Exercise brief:
The whole listing is to be returned exactly.

<<<<

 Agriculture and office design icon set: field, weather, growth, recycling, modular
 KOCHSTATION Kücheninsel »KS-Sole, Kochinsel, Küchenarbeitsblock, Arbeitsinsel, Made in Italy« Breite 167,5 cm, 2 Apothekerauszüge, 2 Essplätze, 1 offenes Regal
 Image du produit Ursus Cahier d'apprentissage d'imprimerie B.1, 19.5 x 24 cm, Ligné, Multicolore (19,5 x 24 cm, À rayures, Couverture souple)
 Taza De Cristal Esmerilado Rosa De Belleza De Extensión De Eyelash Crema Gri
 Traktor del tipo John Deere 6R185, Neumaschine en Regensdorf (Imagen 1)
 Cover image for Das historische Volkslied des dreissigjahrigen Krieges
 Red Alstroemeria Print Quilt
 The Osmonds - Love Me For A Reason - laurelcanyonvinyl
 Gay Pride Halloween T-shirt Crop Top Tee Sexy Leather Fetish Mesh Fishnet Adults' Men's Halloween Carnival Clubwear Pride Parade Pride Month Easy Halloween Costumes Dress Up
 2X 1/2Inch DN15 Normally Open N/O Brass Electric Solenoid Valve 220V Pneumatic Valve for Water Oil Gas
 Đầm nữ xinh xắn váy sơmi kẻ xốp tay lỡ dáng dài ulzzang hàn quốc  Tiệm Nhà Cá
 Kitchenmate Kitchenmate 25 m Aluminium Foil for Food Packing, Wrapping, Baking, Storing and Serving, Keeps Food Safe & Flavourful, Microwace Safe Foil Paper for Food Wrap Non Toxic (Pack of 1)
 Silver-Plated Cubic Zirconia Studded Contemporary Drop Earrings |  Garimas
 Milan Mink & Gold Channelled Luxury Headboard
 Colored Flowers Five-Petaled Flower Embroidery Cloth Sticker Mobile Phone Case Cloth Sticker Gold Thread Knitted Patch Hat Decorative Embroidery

>>>>

Answer to the problem:
 Agriculture and office design icon set: field, weather, growth, recycling, modular
 KOCHSTATION Kücheninsel »KS-Sole, Kochinsel, Küchenarbeitsblock, Arbeitsinsel, Made in Italy« Breite 167,5 cm, 2 Apothekerauszüge, 2 Essplätze, 1 offenes Regal
 Image du produit Ursus Cahier d'apprentissage d'imprimerie B.1, 19.5 x 24 cm, Ligné, Multicolore (19,5 x 24 cm, À rayures, Couverture souple)
 Taza De Cristal Esmerilado Rosa De Belleza De Extensión De Eyelash Crema Gri
 Traktor del tipo John Deere 6R185, Neumaschine en Regensdorf (Imagen 1)
 Cover image for Das historische Volkslied des dreissigjahrigen Krieges
 Red Alstroemeria Print Quilt
 The Osmonds - Love Me For A Reason - laurelcanyonvinyl
 Gay Pride Halloween T-shirt Crop Top Tee Sexy Leather Fetish Mesh Fishnet Adults' Men's Halloween Carnival Clubwear Pride Parade Pride Month Easy Halloween Costumes Dress Up
 2X 1/2Inch DN15 Normally Open N/O Brass Electric Solenoid Valve 220V Pneumatic Valve for Water Oil Gas
 Đầm nữ xinh xắn váy sơmi kẻ xốp tay lỡ dáng dài ulzzang hàn quốc  Tiệm Nhà Cá
 Kitchenmate Kitchenmate 25 m Aluminium Foil for Food Packing, Wrapping, Baking, Storing and Serving, Keeps Food Safe & Flavourful, Microwace Safe Foil Paper for Food Wrap Non Toxic (Pack of 1)
 Silver-Plated Cubic Zirconia Studded Contemporary Drop Earrings |  Garimas
 Milan Mink & Gold Channelled Luxury Headboard
 Colored Flowers Five-Petaled Flower Embroidery Cloth Sticker Mobile Phone Case Cloth Sticker Gold Thread Knitted Patch Hat Decorative Embroidery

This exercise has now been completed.